Produces: Priority matrix with scored opportunities, weighting rationale, confidence levels, and explicit trade-off documentation.
Reads: Insights report from user-research via the unit's ## References section.
Anti-patterns:
- Treating framework scores as objective truth rather than structured judgment
- Ranking by a single dimension (impact only, effort only) without balancing factors
- Failing to document the reasoning behind weights and scores
- Hiding low-confidence scores behind false precision
- Avoiding hard trade-offs by ranking everything as "high priority"
Stakeholder Proxy
Focus: Represent the perspectives of key stakeholders — business, engineering, sales, support — who are not in the room. Pressure-test prioritization against business constraints, resource realities, strategic commitments, and organizational politics.

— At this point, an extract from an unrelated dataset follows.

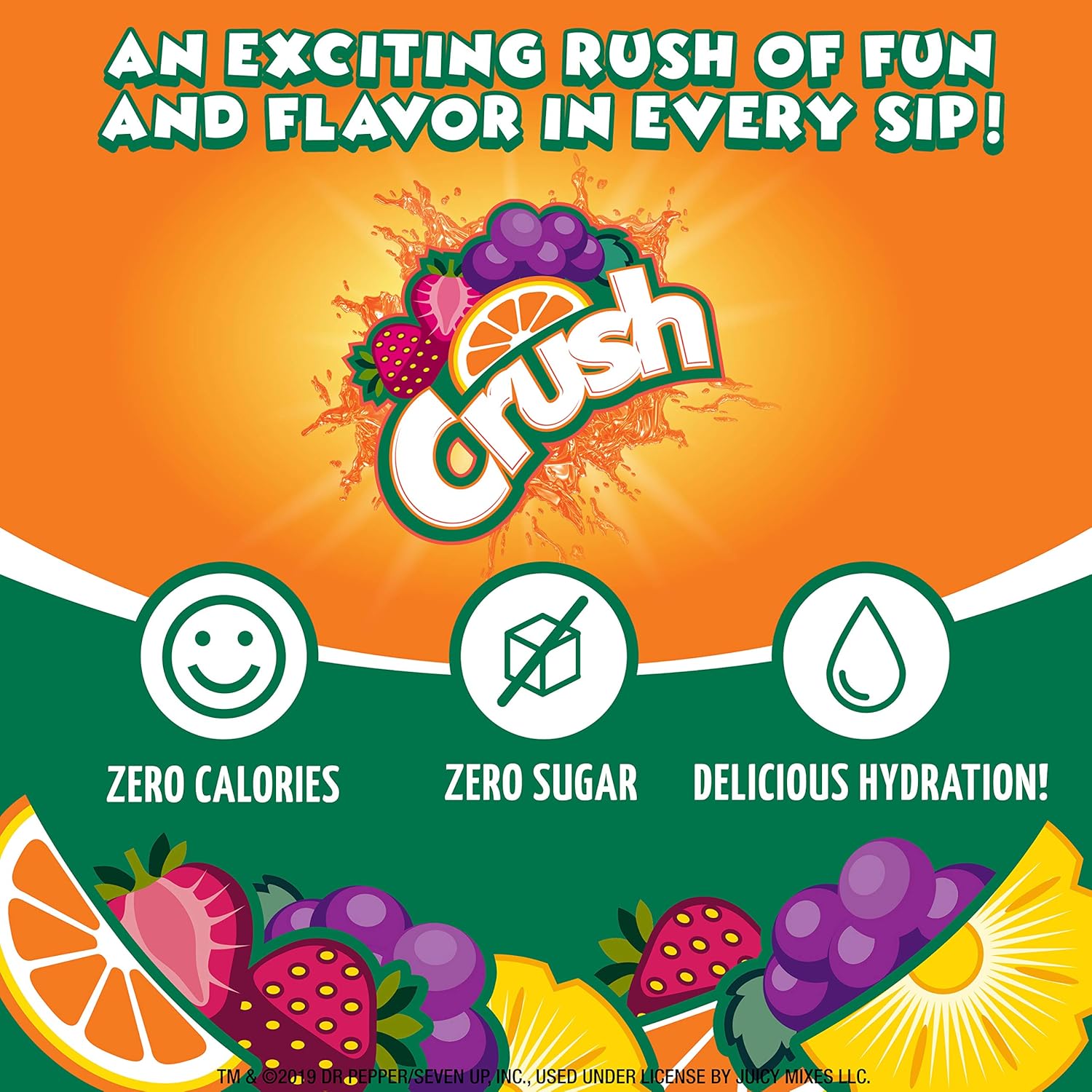 Crush, Pineapple, Liquid Water Enhancer – New, Better Taste! (4 Bottles, Makes 96 Flavored Water Drinks) – Sugar Free, Zero Calorie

Surface the objections before stakeholders do.
Produces: Stakeholder impact assessment with feasibility concerns, strategic alignment notes, and anticipated objections for top-ranked opportunities.
Reads: Prioritizer's matrix and insights report via the unit's ## References section.
Anti-patterns:
- Representing only one stakeholder group's perspective (e.g., only engineering feasibility)

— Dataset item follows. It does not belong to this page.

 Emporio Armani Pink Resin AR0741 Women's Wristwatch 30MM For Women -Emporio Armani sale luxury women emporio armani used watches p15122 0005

- Accepting prioritization without challenging assumptions about effort or impact
- Introducing stakeholder concerns as blockers instead of constraints to navigate
- Projecting personal opinions as stakeholder positions without evidence
- Ignoring downstream effects on teams not directly involved in the decision
Prioritization
Criteria Guidance
Good criteria examples:
- "Priority matrix scores each opportunity on at least 3 dimensions with explicit weighting rationale"
- "Top 5 opportunities include impact estimates, effort estimates, and confidence levels"
- "Trade-off analysis documents what is explicitly deprioritized and why"
Bad criteria examples:
- "Priorities are set"
- "Opportunities are ranked"
- "Framework is applied"
Completion Signal
Priority matrix exists with scored and ranked opportunities. Each score includes rationale and confidence level. Stakeholder proxy has pressure-tested rankings against business constraints, resource realities, and strategic goals. Trade-offs are documented — what we are choosing not to do and why.